── Dataset excerpts

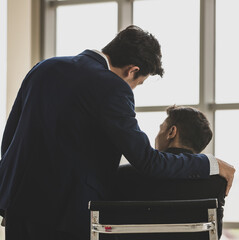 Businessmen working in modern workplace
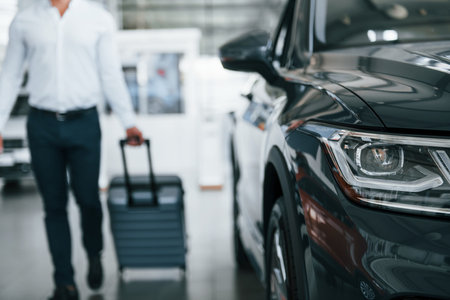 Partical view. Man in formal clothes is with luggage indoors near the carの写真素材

────
── Dataset excerpts

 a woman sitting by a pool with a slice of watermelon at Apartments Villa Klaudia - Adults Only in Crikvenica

────
── Dataset excerpts

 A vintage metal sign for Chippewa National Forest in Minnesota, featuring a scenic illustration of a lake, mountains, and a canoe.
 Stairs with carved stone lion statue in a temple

────

### What you will do
Line for line, output the entries above from the line with "Businessmen working in modern workplace" to the line with "Partical view. Man", both included, and nothing more. Skip pictures.

### Response to this task
 Businessmen working in modern workplace
 Partical view. Man in formal clothes is with luggage indoors near the carの写真素材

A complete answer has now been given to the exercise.